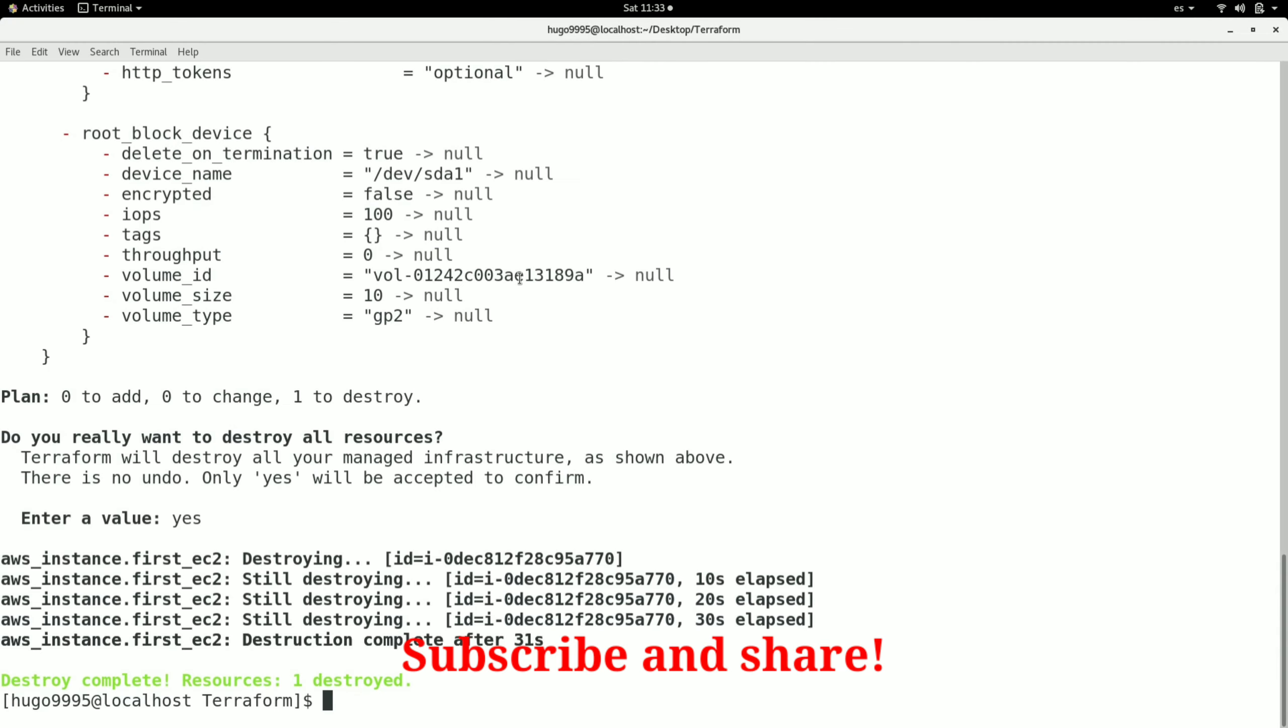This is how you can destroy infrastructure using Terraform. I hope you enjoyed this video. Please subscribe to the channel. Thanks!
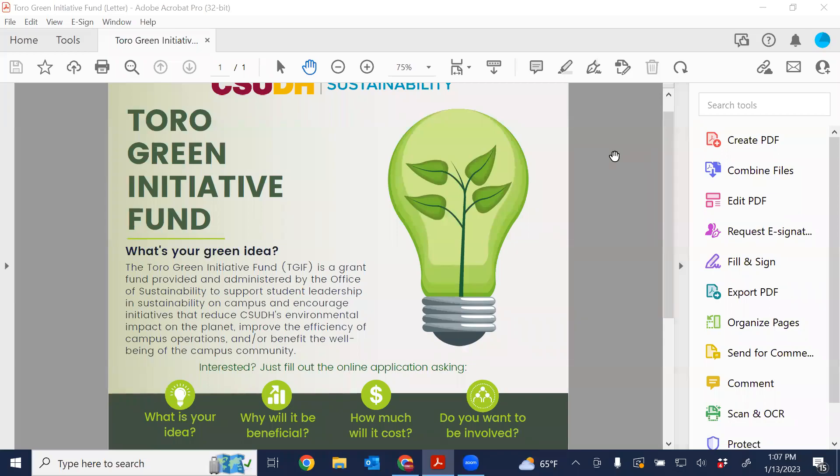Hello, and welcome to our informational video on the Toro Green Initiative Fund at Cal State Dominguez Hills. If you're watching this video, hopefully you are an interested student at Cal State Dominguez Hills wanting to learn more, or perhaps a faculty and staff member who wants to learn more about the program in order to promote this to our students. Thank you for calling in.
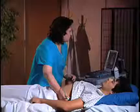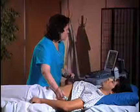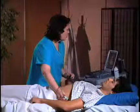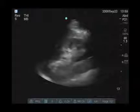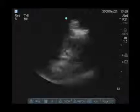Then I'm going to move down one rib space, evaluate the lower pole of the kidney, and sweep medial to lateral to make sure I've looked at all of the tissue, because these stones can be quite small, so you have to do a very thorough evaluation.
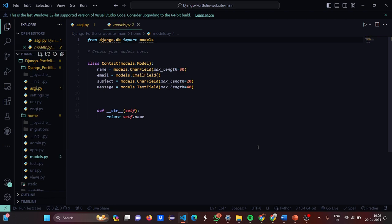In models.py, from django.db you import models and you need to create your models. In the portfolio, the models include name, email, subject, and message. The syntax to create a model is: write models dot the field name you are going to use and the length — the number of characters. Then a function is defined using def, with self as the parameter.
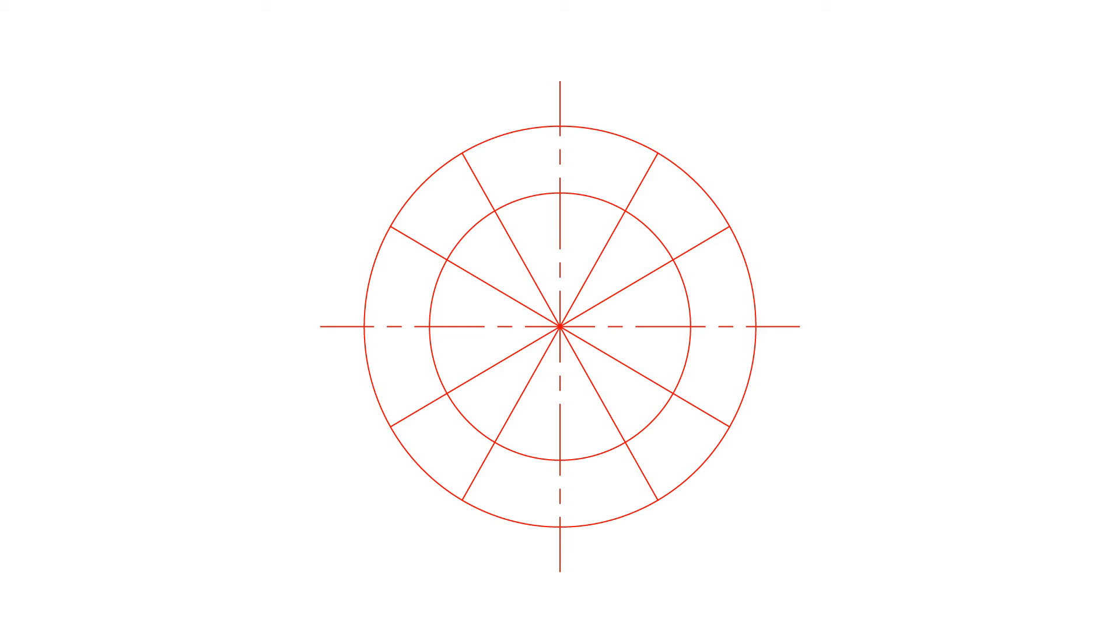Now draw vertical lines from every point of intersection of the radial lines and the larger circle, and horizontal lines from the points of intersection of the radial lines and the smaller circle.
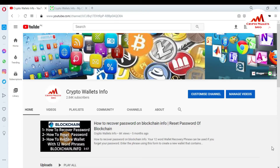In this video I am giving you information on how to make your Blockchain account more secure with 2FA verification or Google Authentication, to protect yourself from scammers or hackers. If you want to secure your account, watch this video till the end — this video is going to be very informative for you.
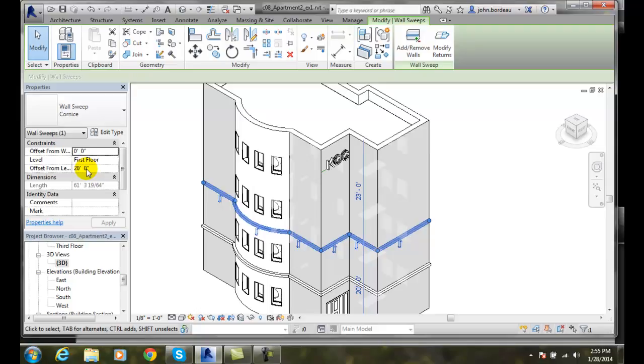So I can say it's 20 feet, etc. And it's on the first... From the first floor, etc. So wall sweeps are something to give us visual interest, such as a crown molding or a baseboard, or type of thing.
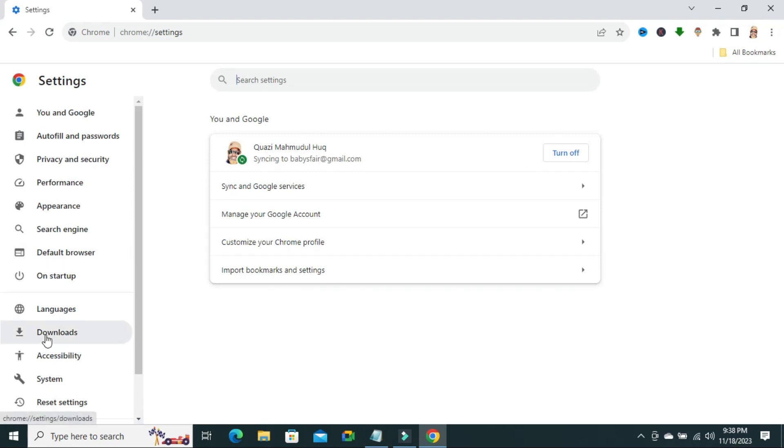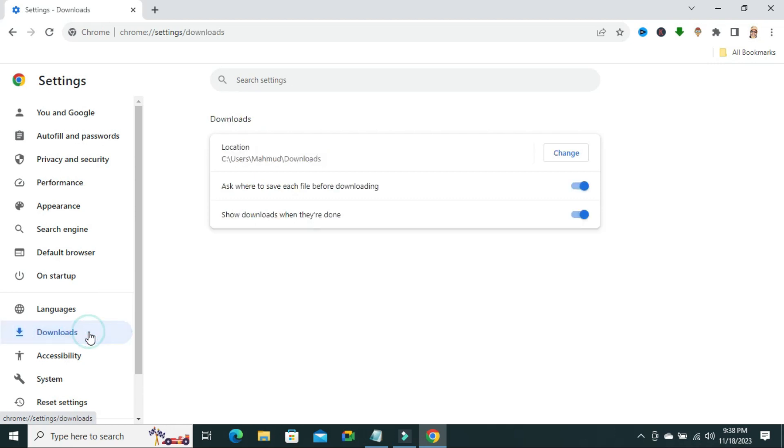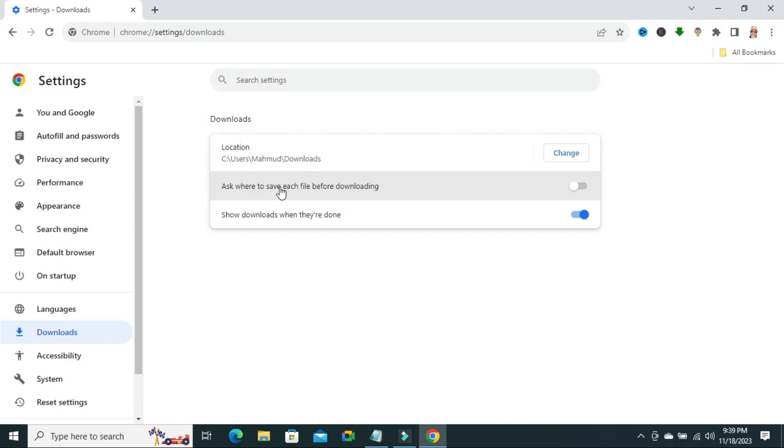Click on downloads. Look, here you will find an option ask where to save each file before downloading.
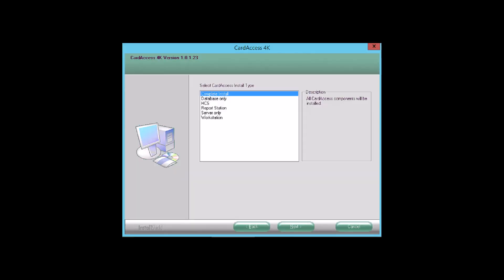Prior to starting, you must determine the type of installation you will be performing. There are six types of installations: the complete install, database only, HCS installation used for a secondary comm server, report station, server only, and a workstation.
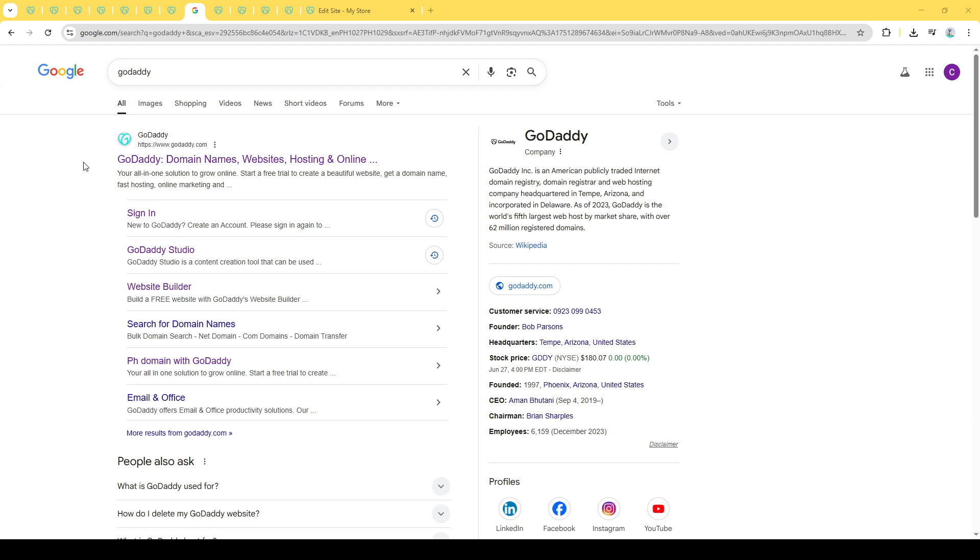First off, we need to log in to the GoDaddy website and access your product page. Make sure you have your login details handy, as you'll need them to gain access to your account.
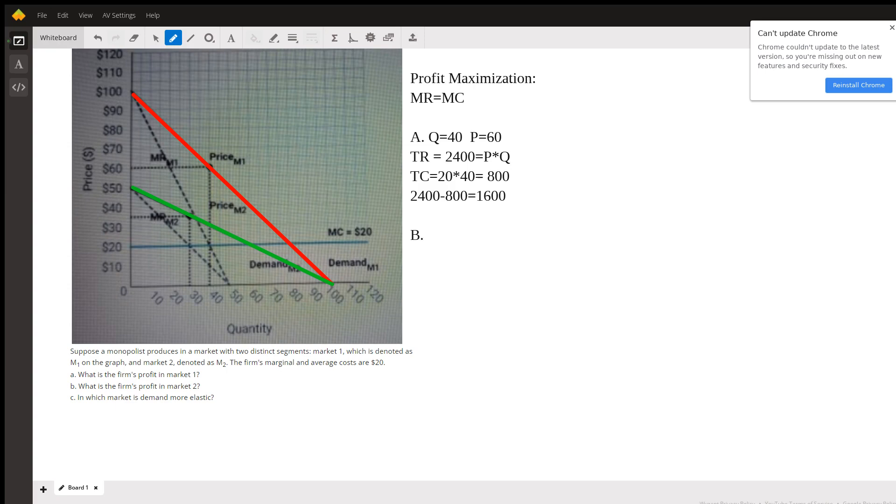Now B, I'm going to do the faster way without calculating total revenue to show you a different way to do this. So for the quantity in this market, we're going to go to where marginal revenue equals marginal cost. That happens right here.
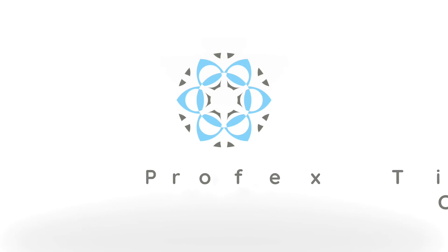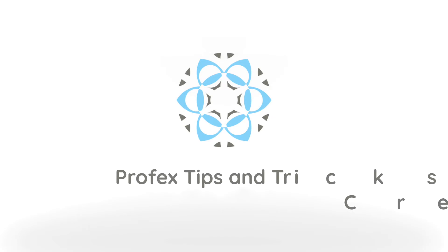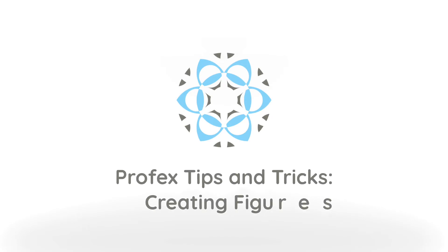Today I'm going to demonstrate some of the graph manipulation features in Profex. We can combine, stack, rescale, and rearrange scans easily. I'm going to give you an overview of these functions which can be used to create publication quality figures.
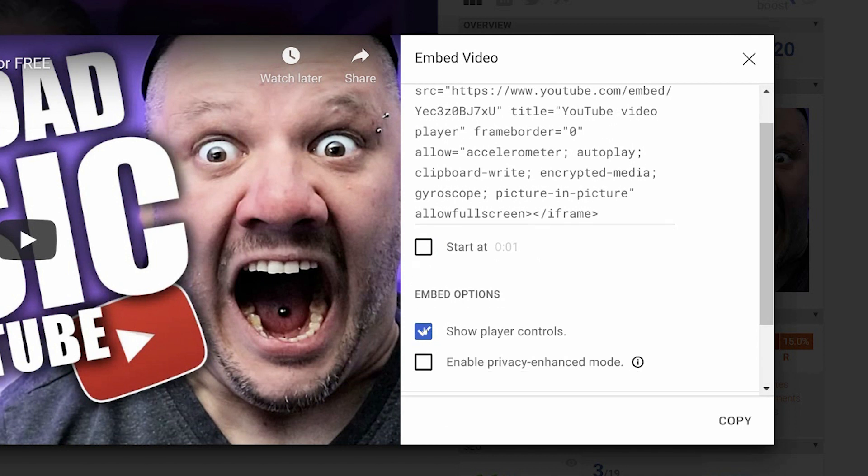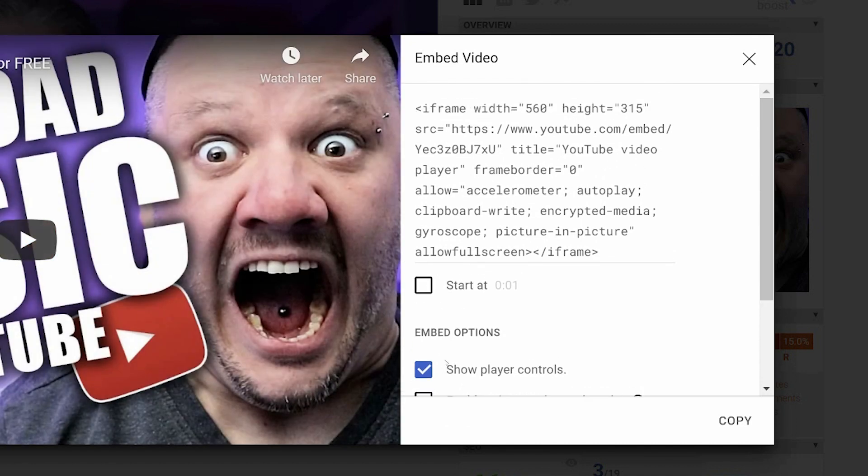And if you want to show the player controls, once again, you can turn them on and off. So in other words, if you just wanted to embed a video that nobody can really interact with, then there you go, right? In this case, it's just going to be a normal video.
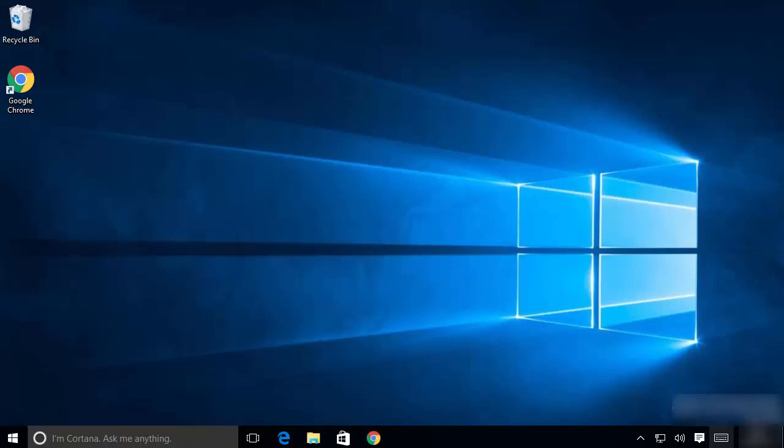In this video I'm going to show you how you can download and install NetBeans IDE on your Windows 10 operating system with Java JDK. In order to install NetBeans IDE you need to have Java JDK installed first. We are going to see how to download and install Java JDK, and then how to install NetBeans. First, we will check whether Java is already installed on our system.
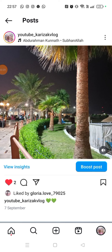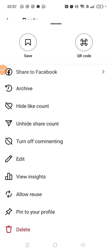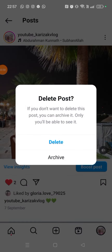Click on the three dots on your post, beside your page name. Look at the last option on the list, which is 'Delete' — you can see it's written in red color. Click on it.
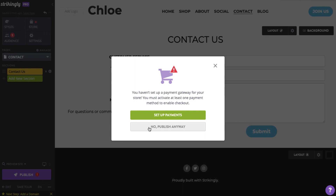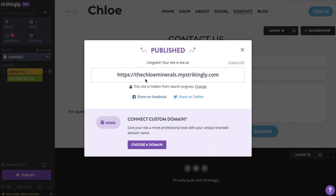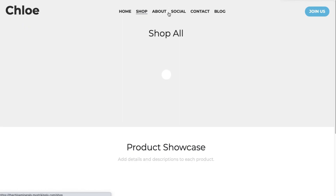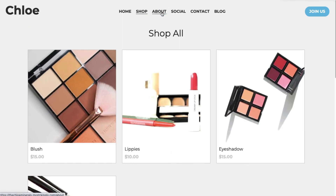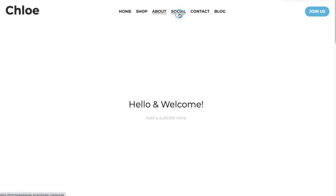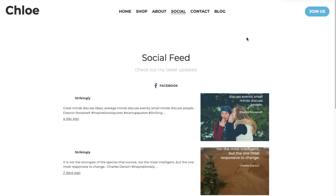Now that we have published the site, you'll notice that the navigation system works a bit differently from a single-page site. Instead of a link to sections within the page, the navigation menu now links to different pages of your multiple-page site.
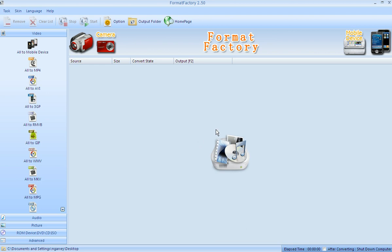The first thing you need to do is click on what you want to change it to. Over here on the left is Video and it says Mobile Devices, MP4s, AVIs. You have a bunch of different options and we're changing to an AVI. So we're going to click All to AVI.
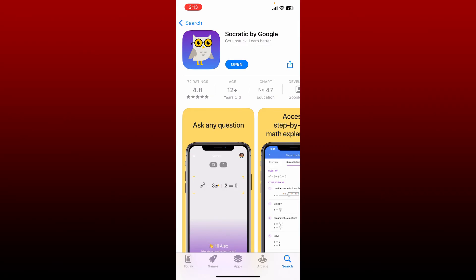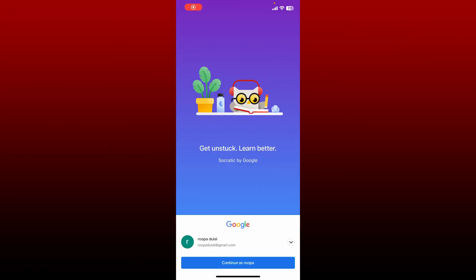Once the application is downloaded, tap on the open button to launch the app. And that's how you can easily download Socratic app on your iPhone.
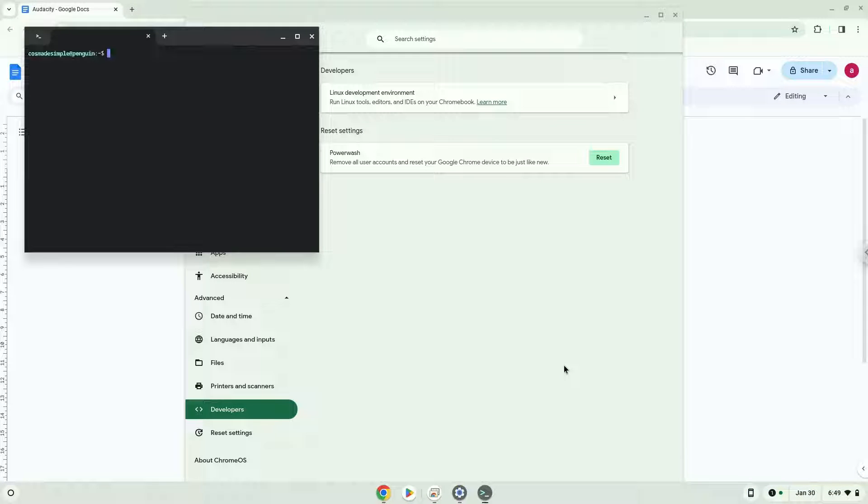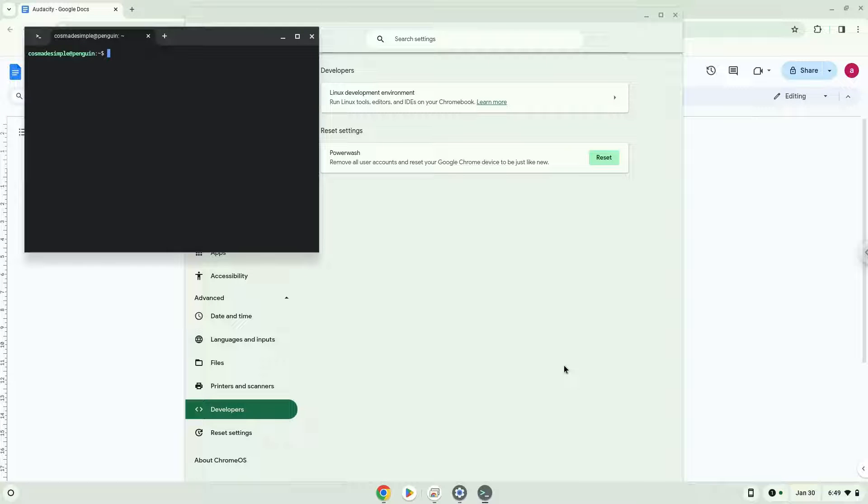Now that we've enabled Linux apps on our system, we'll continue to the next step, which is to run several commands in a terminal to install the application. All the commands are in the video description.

◇ ◇ ◇ ◇ ◇ ◇ ◇

Repeat the exact lines from the first line of the data through the line containing "Then I'm going". Nothing else, no pictures.

This is how you can destroy infrastructure using Terraform. I hope you enjoyed this video. Please subscribe to the channel. Thanks!
Hello, and welcome to our informational video on the Toro Green Initiative Fund at Cal State Dominguez Hills. If you're watching this video, hopefully you are an interested student at Cal State Dominguez Hills wanting to learn more, or perhaps a faculty and staff member who wants to learn more about the program in order to promote this to our students. Thank you for calling in.
Then I'm going to move down one rib space, evaluate the lower pole of the kidney, and sweep medial to lateral to make sure I've looked at all of the tissue, because these stones can be quite small, so you have to do a very thorough evaluation.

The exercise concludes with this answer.